When employers come up with salaries, there are two different ways they think about how much a worker should earn. Jacque Simon, the public policy director for the American Federation of Government Employees (AFGE), a union, puts it this way: Should a salary be tied to the job itself, or to the individual hired to fill it? In the first scenario, employers decide what they are willing to pay for someone to carry out a certain role. In the second, the employer focuses more on the individual and what they are worth to an organization.
Federal employers fit into the first category, using a rigid pay scale similar to ones favored by labor unions. Labor unions view structured pay scales as a means of preventing discrimination based on gender, as well as age, race, and other categories. “Once you give supervisors in the federal government the ability to vary pay by individual, rather than job, they are going to reward the people they like the best,” says Simon.
In the federal government, most white-collar jobs are governed by the General Schedule, which includes 15 general pay levels that vary based on the experience, skills, and education needed for a position. Each job opening is posted at one of these levels, so candidates can only negotiate within the minimum or maximum pay range (there are 10 steps within each level). The pay system, which was launched 1949, was designed to ensure that people with the same skills got paid the same salaries. Limiting salary negotiations benefits women because research shows that they are less likely to negotiate salaries, and are more likely to be penalized if they do. Also, giving hiring managers more discretion may introduce inadvertent biases when putting together an offer.

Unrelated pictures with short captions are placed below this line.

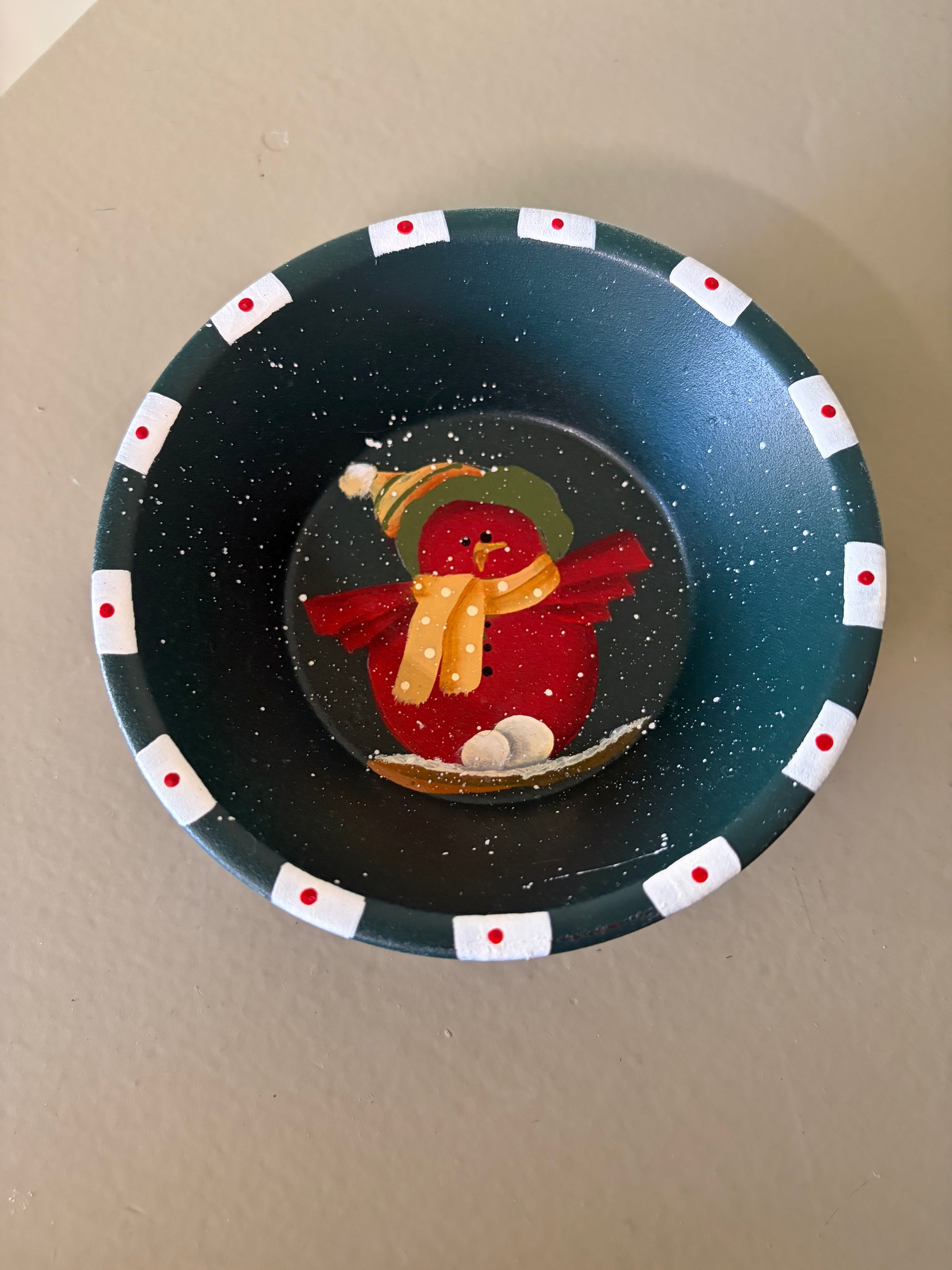 Cardinal Painted Bowl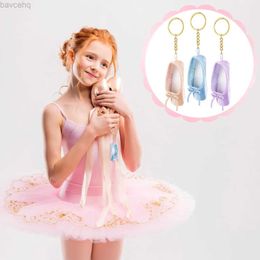 Keychains Lanyards Handmade Mini Satin Pointe Shoes Keyring Ballet Shoe Cute Keychain Ballet Accessories Ballet Charm Chain Bag Pendant Ballet Gift d240417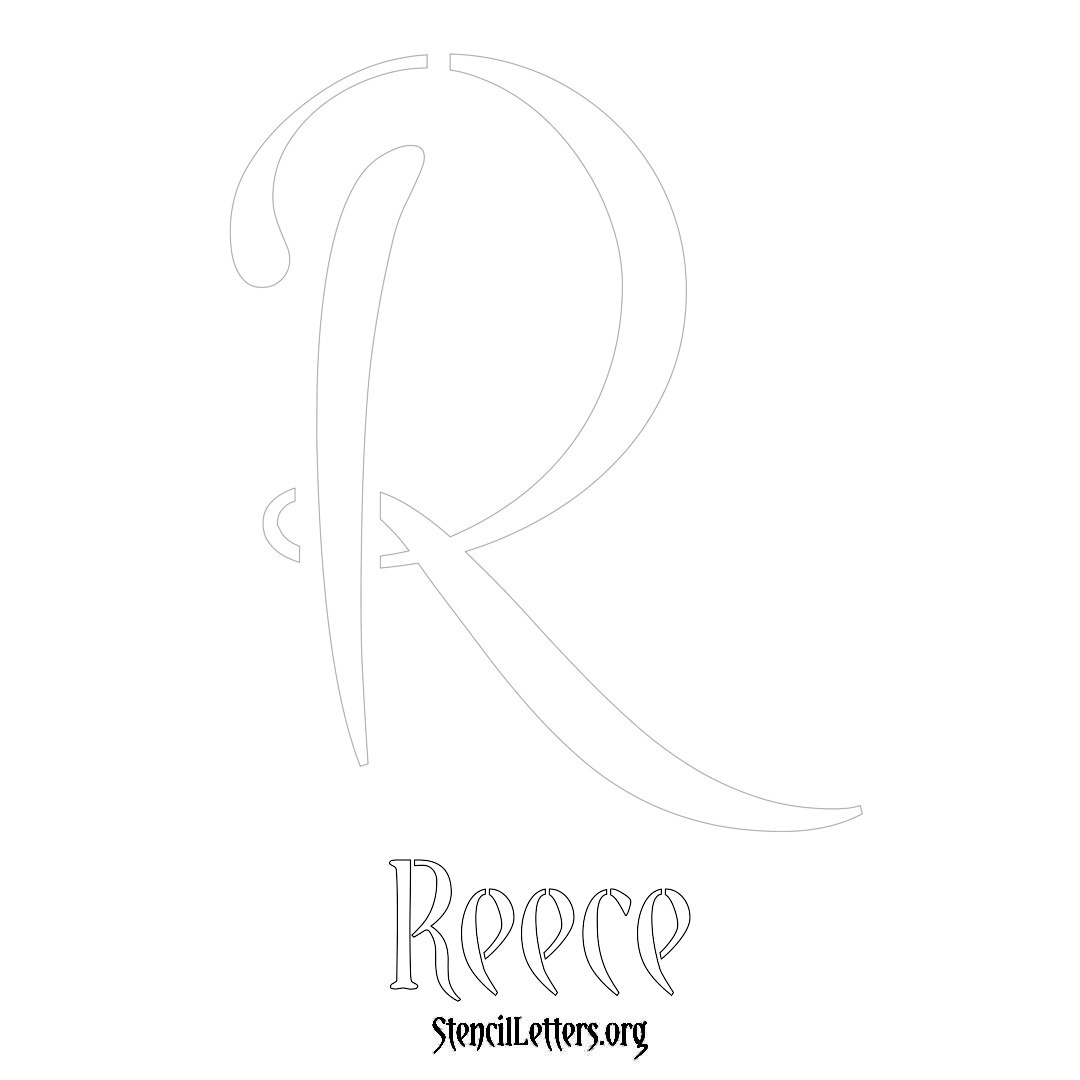 Reece printable name initial stencil in Vintage Brush Lettering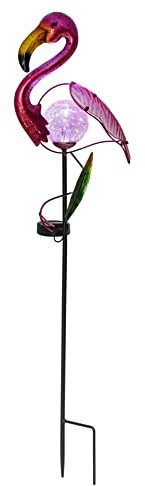 Haushalt International LED Solar Gartenstecker Flamingo aus Metall Höhe 81cm 70472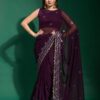 Fancy Party Wear Sequence Work Purple Saree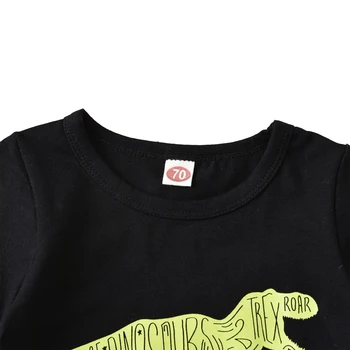 Chlapec je Karikatúra Dinosaura Vytlačené 2ks Oblek, Krátky Rukáv Kolo Krku T-shirt s Elastický Pás Krátke Nohavice, Oblečenie Set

This has been effective, but it still leaves room for some discretion, not all of it good. For example, some federal agencies base salary offers on what an applicant made at his or her previous job, which contributes to disparities in pay, according to the Office of Personnel Management, the federal agency that oversees hiring and payroll. So, this year, the office urged agencies to consider an applicant’s previous salary as only one of many factors in drawing up offers, because that number may be, as is often the case for female job candidates who left the workforce for several years, artificially depressed. (Though senior government executives are not paid within the General Schedule system, their pay scale is somewhat a continuation of it, with more discretion in pay negotiations.)
As a test of the effectiveness of a rigid pay structure in making pay more equal, Simon, of AFGE, points to an experiment at the Department of Defense, which in 2006 replaced the General Schedule with a system that rewarded employees based on performance, as assessed by supervisors who set goals for each employee. The Federal Times, an independent weekly magazine for government managers, later analyzed pay data under the new system and found that white employees received higher average performance ratings, bonuses, and raises than employees of other races. In 2009, President Obama signed legislation eliminating the system.